“Longview” and “Basket Case” by Green Day
“Angie Baby” by Helen Reddy is about an emotionally disturbed girl who is attacked by a local boy in her room and magically makes him disappear into her radio.
“Fast Car” by Tracy Chapman fits the bill too, I think.
ETA: Actually maybe not. “Fast Car” wasn’t pop. But “Angie Baby” was.
Alison - Elvis Costello
Don’t take me alive - Steely Dan
You could include a huge amount of Steely Dan stuff in this category.‘Home at last’ is an astonishing song, it extracts a new meaning from a story over 2000 years old.
Smile - Lili Allen - the vid for this is even darker, despite the jolly bouncy tune
My iPod shuffled this song up as I was mowing the lawn this morning; I was coming back to this thread to mention it! ![]()
“Just Dance” by Lady Gaga. The singer’s character is drunk-and-or-drugged beyond all fuckeduppedness, to the point where she doesn’t know where her keys are, where her phone is, what club she’s in…she’s panicking about it but figures if she can just get out on the floor and dance she’ll be OK, eventually the buzz/high will wear off a little and she’ll be able to think straight.
Then Colby O’Donis’ character comes into the club, looking at all the fine ladies, and decides that Gaga is the one he wants. His line is “And there’s no reason at all why you can’t leave here with me.” Well, there is the fact that she is TOTALLY FUCKING PLOWED and probably not in a position to actually give consent…
“Ode to Billy Joe”
Mad World by Tears for Fears. The original is incongruously, but 80s-friendly, upbeat. Gary Jules gave it the proper somber mood that the lyrics require and it became the anthem of Donnie Darko. Can it get more dark than that?
The 80s were full of them, actually. Blasphemous Rumours by Depeche Mode: 16-year-old girl commits suicide by wrist-slitting; 18-year-old girl hit by car, coma, then dies; song questions the mercy of God.
I know that I’m in the minority, but I prefer the original version. But yeah, it’s not a very happy song.
Good work. Surprised you missed “Smooth Criminal” which is about a woman being beaten bloody in her apartment.
I think “Smooth Criminal” is a really awesome song with a great video/dance to go along with it…that is ruined by too-serious lyrics.

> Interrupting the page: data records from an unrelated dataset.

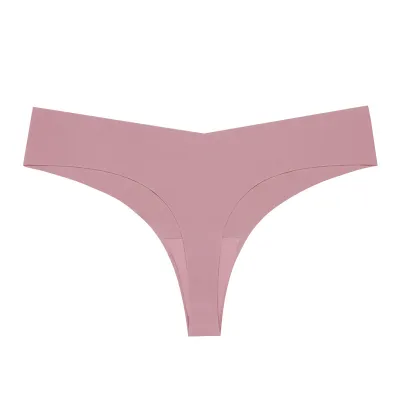Women Fashion Sexysolid Color Ice Silk Breathable Low Waist Thong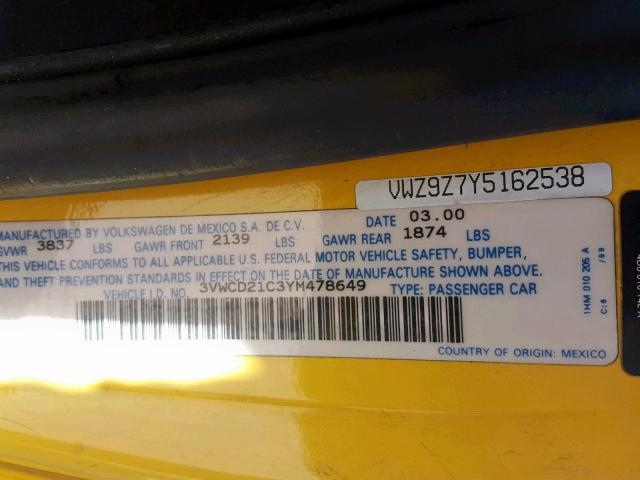 3VWCD21C3YM478649 - 2000 VOLKSWAGEN NEW BEETLE ყვითელი ფოტო 10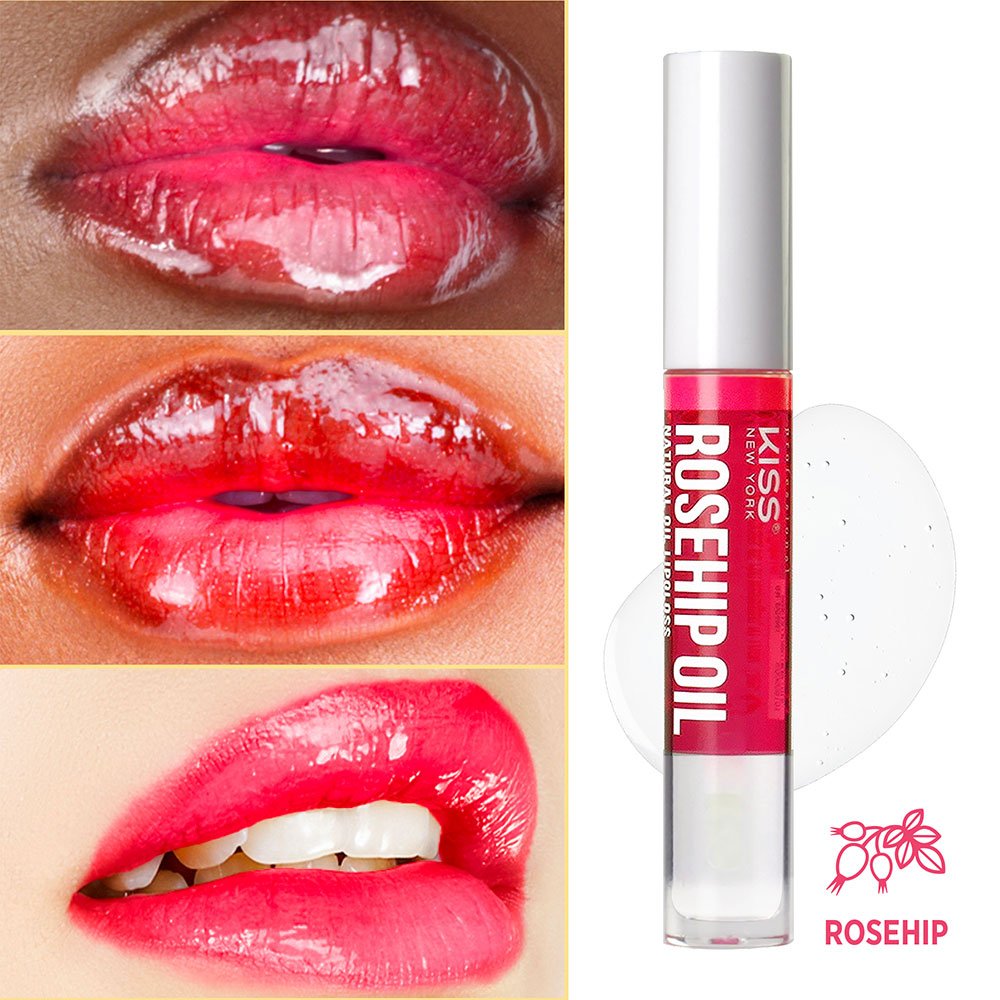 KISS NEW YORK PROFESSIONAL Natural Oil Lip Gloss โ Hydrating Shine Infused with Real Gold Flakes | 10 Variants - Beauty Exchange Beauty Supply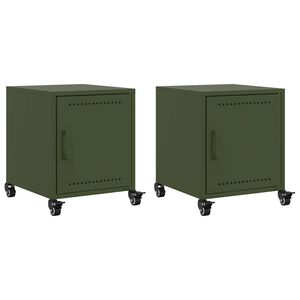 vidaXL Mesas de cabeceira 2 pcs 36x39x43,5 cm a&ccedil;o verde-azeitona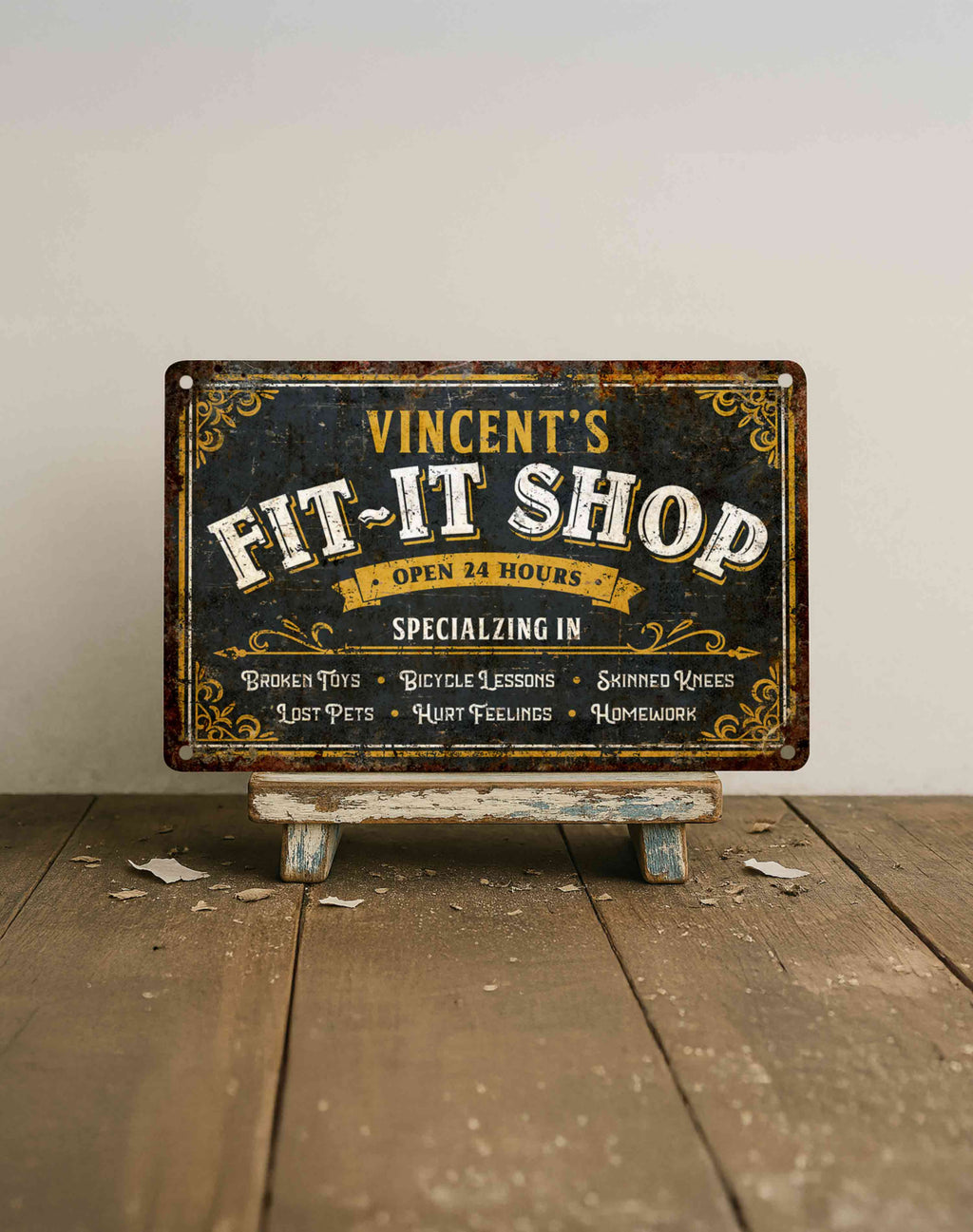 Custom Fix-It Shop Metal Sign – Personalized Garage Plaque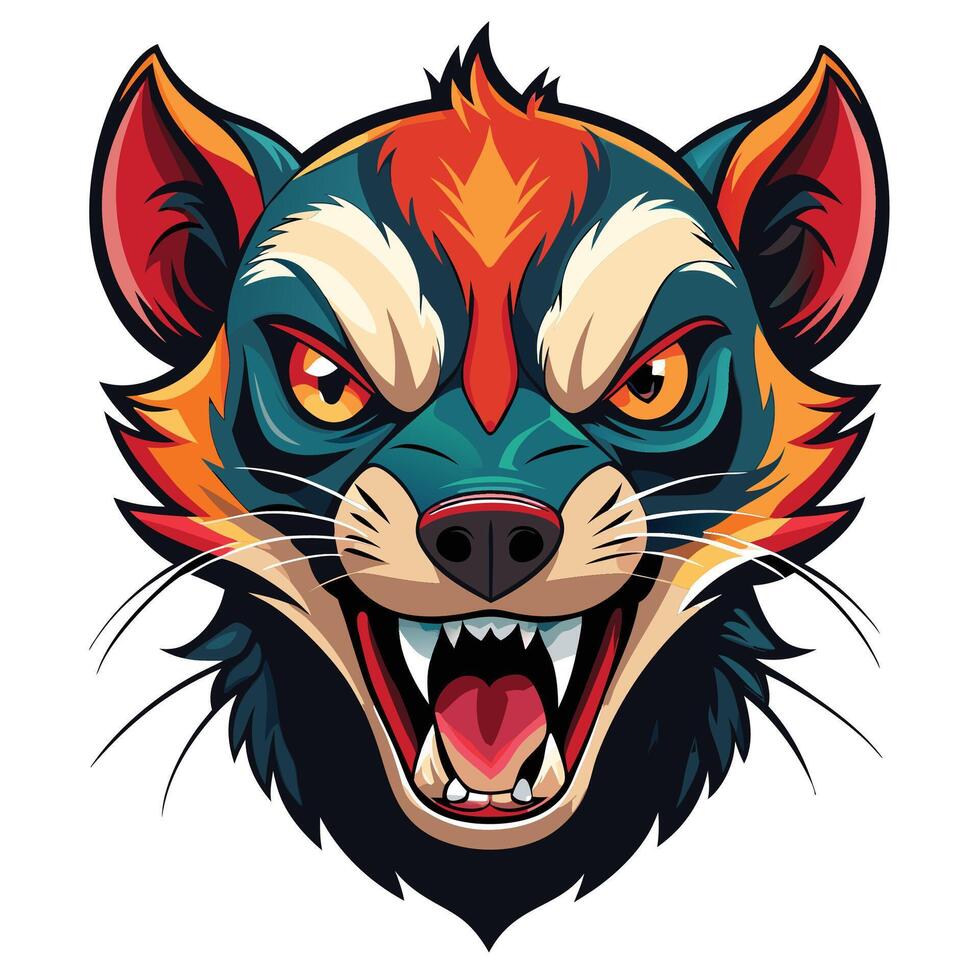 a cartoon head of a raccoon with its mouth open vector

The OP mentioned New Order - they (and their predecessor, Joy Division) have a lot to contribute to the thread:
Love Will Tear Us Apart - about a dissolving romantic relationship
Love Vigilantes - about a soldier coming home to find that his wife was told that he was killed in action
Perfect Kiss - about a psychotic friend, possibly armed, who dies on a night out with the narrator
1963 - about a friend of the narrator who is about to commit a murder/suicide
Hey Now What You Doing - about a nerdy kid who gets into drugs/guns
These are just the ones that I am clear on. Many of their songs have a somber tone - funereal, even, especially the first New Order album, Movement, which deals a lot with the death of Ian Curtis.
Coincidentally I was listening to Kesha’s terrific song “Cannibal” when I opened this thread. It is a metaphorical reference about eating boys up and spitting them out, but some of the lyrics are really pushing it:
Your little heart goes pitter-patter
I want your liver on a platter
and
Be too sweet and you’ll be a goner
Yep! I’ll pull a Jeffrey Dahmer
(Jeffrey Dahmer being a serial killer in Wisconsin about 15 years ago, for those who don’t know)
Shawn Colvin’s “Sunny Came Home” is about a woman torching her home.
Get the kids and bring a sweater
Dry is good and wind is better
Count the years you always knew it
Strike a match, go on and do it
As I was reading about it just now, Colvin’s website calls the song a murder-ballad. According to Wiki…
I don’t know if Colvin means that the home was occupied with Sunny’s tormentor when she burns it down or if Colvin is just taking liberties with the term “murder-ballad”.
Good list of songs so far, and I just thought of another.
Poe - “Angry Johnny”
“Imagine” advocates atheism, anarchism, and communism–some people would consider that pretty dark…
In my defence, I posted at 3:10am.
10,000 Maniacs - What’s The Matter Here?
Paranoid, by Black Sabbath was a number 4 hit in Britain, and is much poppier in its sound than most of their work. I ends by advising the listeners to kill themselves.
Most of the songs on Elvis Costello’s early albums are about his impotence.